Issue 256 - move camsl to geo_point table#263
Conversation
lukas-phaf
left a comment
There was a problem hiding this comment.
I did a high level review, focusing mostly on the protobuf and postgres migrations. I have added some comments around these, and will try to get to the golang code later.
A general question is how we test this, as there is no ingestion and/or API support to see if inserting and querying actually works (unless I am missing something).
Ideally, we would have the ingestion and API in the same PR, so that we can add some camsl's to the test dataset, and confirm that everything works by testing that the data shows up in the API, preferable using the camsl range query.
| string processing_level = 9 [json_name = "processing_level"]; | ||
| int64 quality_code = 10 [json_name = "quality_code"]; | ||
| int64 camsl = 11; // centimeters above mean sea level | ||
| optional int32 camsl = 3; // centimeters above mean sea level |
There was a problem hiding this comment.
Are we okay with re-ordering all the indices (also the fields below)?
It makes the messages incompatible (the docs say you should never do this):
https://protobuf.dev/programming-guides/proto3/#consequences
We do tend to change all the components at once, but in the EWC setup they are on separate machines, so there might still be some issues.
I think it might actually lead to storing garbage.
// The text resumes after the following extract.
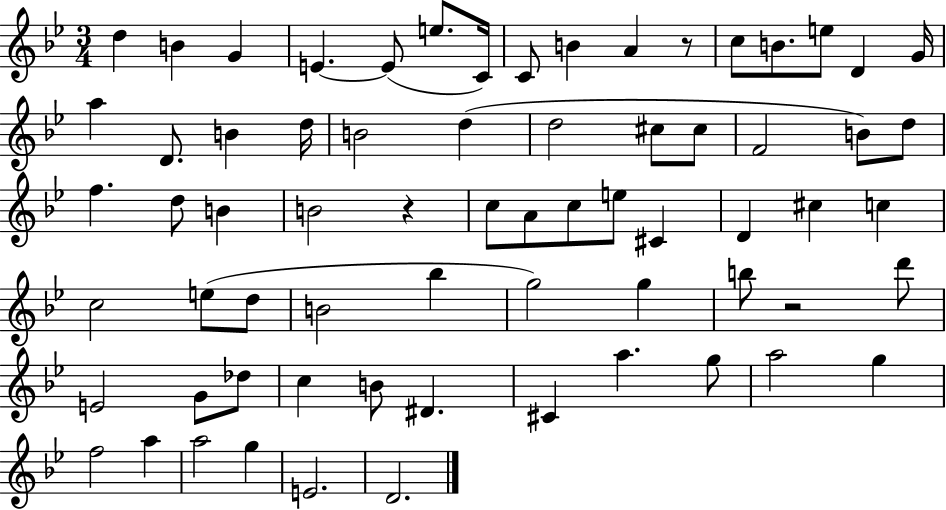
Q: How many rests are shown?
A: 3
Why just not leave caml at 11, and the rest untouched? You can leave the order in the file as it is now, I don't think it is used for anything.
| // '10', '1*', '*0', '*'. | ||
| // | ||
| map<string, Strings> filter = 5; | ||
| map<string, Strings> filter = 6; |
There was a problem hiding this comment.
Avoid change in field number.
| repeated string included_response_fields = 7; | ||
|
|
||
| // repeated string excluded_response_fields = 7; // TODO | ||
| // repeated string excluded_response_fields = 8; // TODO |
There was a problem hiding this comment.
Avoid change in field number.
| string camsl_range = 4; | ||
| map<string, Strings> filter = 5; |
There was a problem hiding this comment.
Avoid change in field number.
| @@ -1 +1,9 @@ | |||
| ALTER TABLE observation ADD COLUMN camsl BIGINT; | |||
| ALTER TABLE geo_point ADD COLUMN camsl INTEGER; | |||
There was a problem hiding this comment.
If I start on master branch, load data, switch to your branch, and run the migrations (just up), nothing happens. This is because you reused an existing migration file, which according to the DB table schema_migrations was already applied.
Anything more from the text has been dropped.